From the line containing "5th image of 115 E Cloverdale Dr" down to the last line of the listing, quote everything word for word, and nothing else, keeping pictures out.

+++++

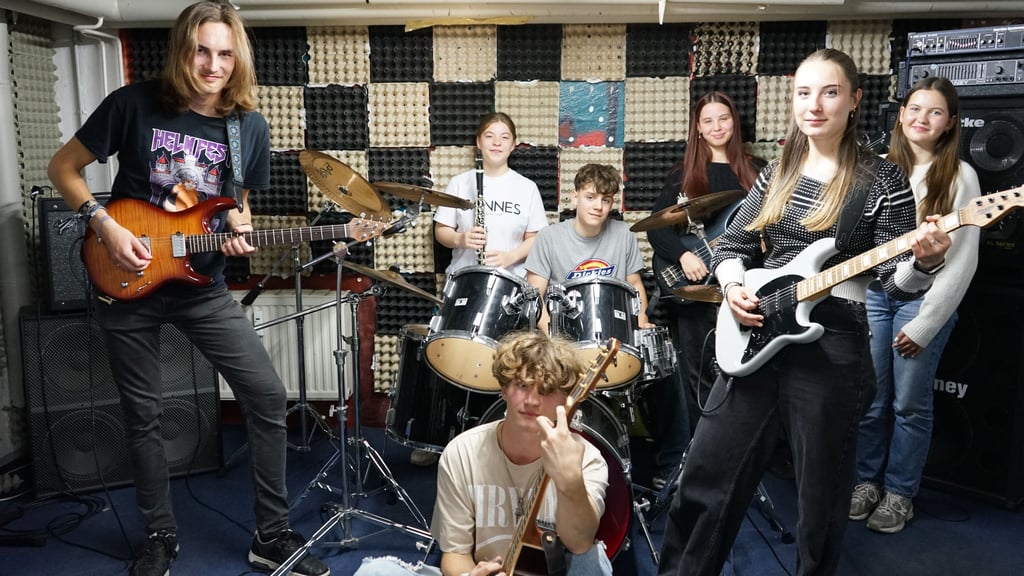 Brodcast hat „Wind of Change“ zum Einheitstag 2025 einstudiert. Zur Band gehören Benjamin Fahtz, Romy Beyer, Lea Paulinus, Max Reißmann, Paulus Otto, Frieda Dobrowolny und Tabea Swiatek.
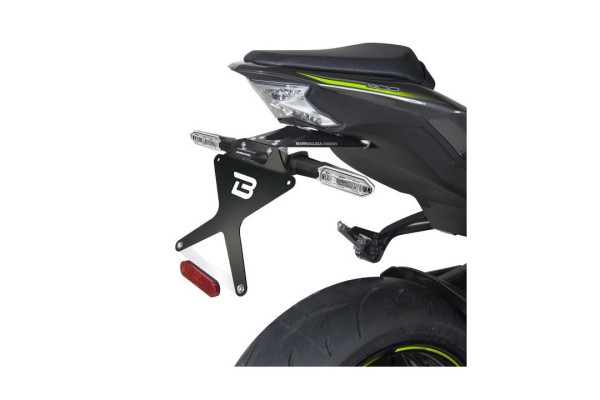 Soporte matrícula Kawasaki Z900 (17-) - Barracuda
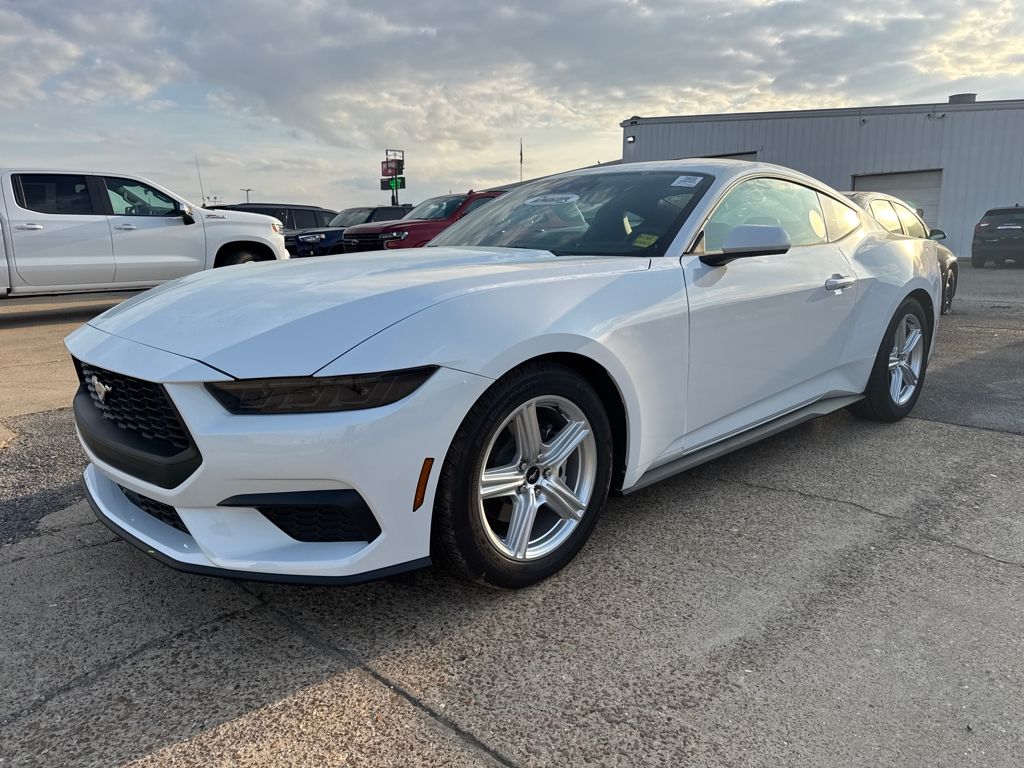 2026 Ford Mustang EcoBoost Fastback RWD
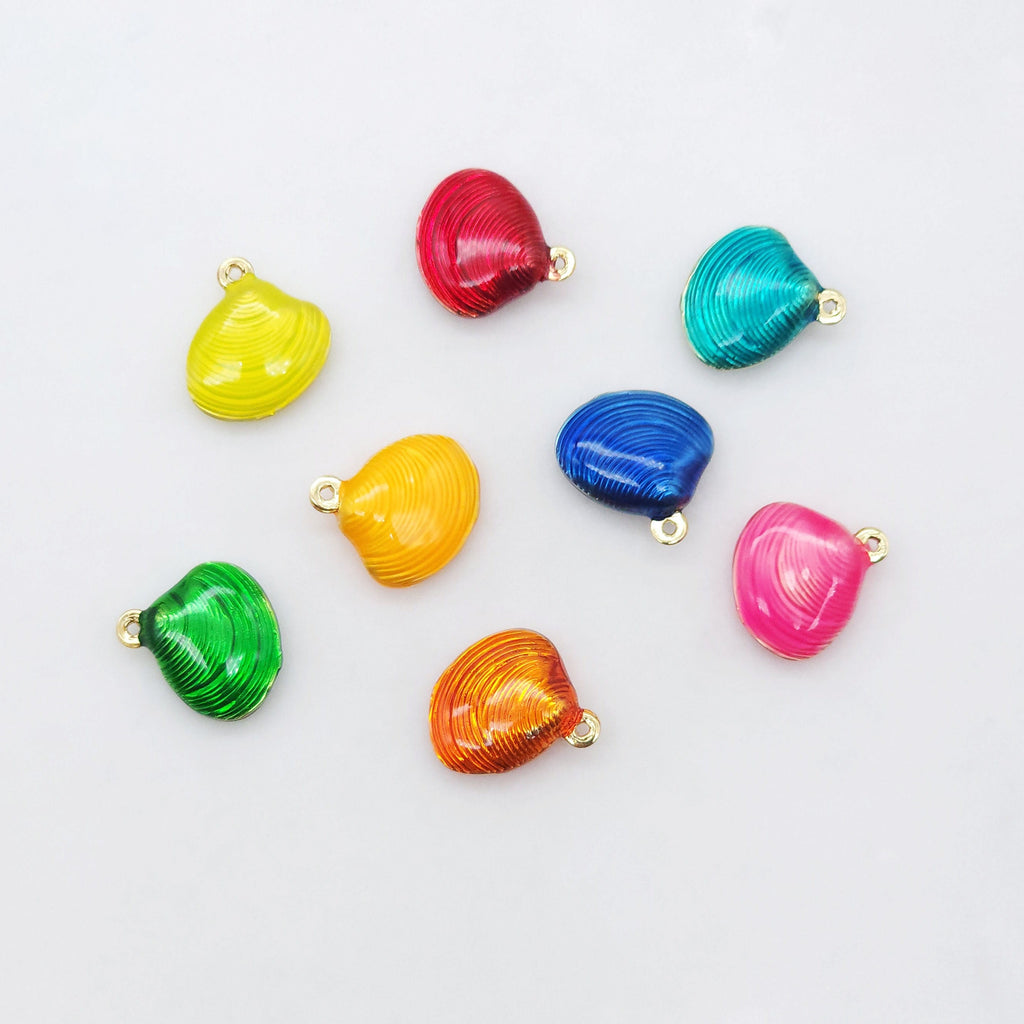 Enamel SeaShell Charms, 18K Gold Plated, Shell Pendant, Beach Charm, Necklace Making Charms, Jewelry Findings S20517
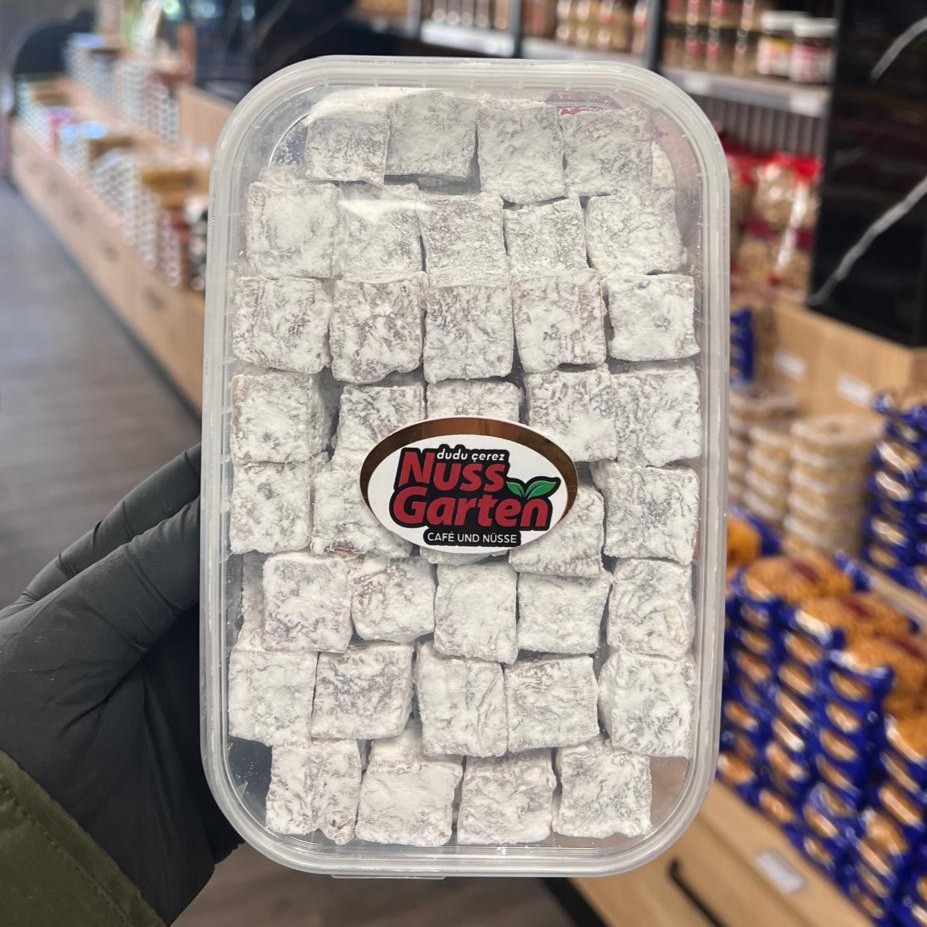 Doppelgerösteter Lokum mit Pistazien und Puderzucker 2 Doppelgerösteter Lokum mit Pistazien und Puderzucker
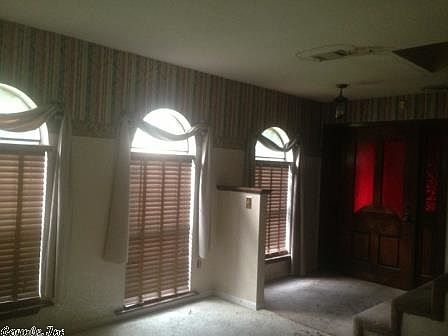 5th image of 115 E Cloverdale Dr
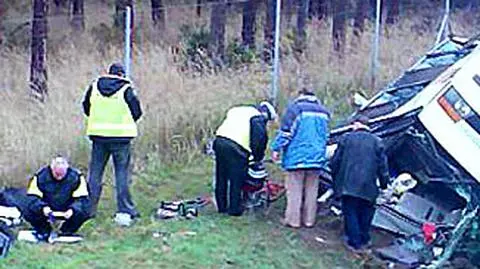 Autokar z młodzieżą wpadł do rowu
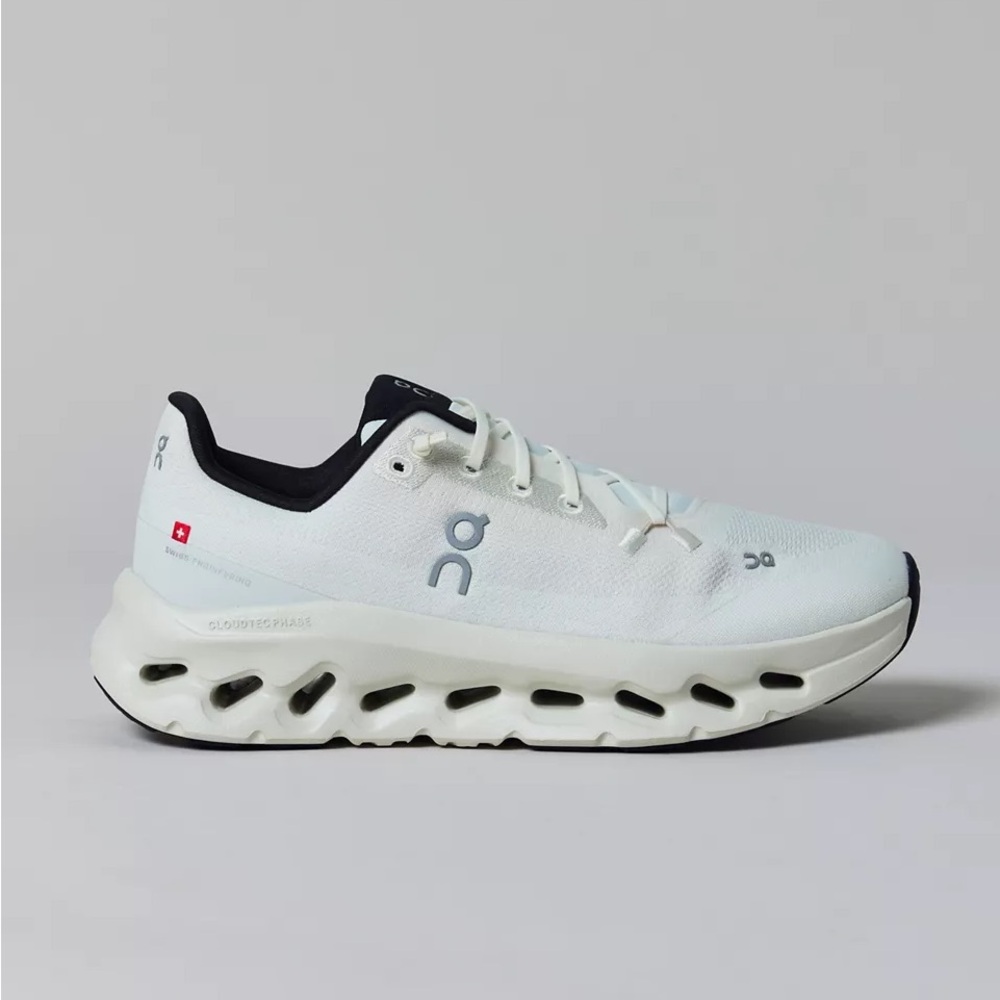 ON Women's Cloud Cloudtilt Running Shoes - Pearl/Ice Zendaya 3WE10052531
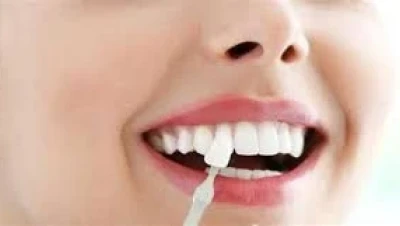 تفسير حلم سقوط سن واحد سفلي في اليد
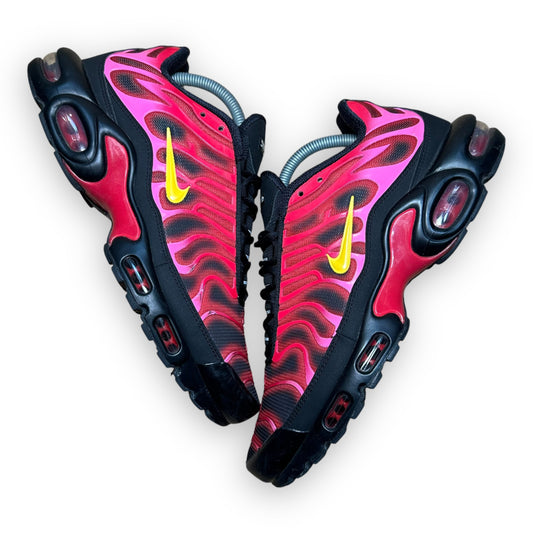 EU44 - US10 - UK9 • Air Max Plus Supreme Black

+++++

▶ [EXPECTED OUTPUT]:
 5th image of 115 E Cloverdale Dr
 Autokar z młodzieżą wpadł do rowu
 ON Women's Cloud Cloudtilt Running Shoes - Pearl/Ice Zendaya 3WE10052531
 تفسير حلم سقوط سن واحد سفلي في اليد
 EU44 - US10 - UK9 • Air Max Plus Supreme Black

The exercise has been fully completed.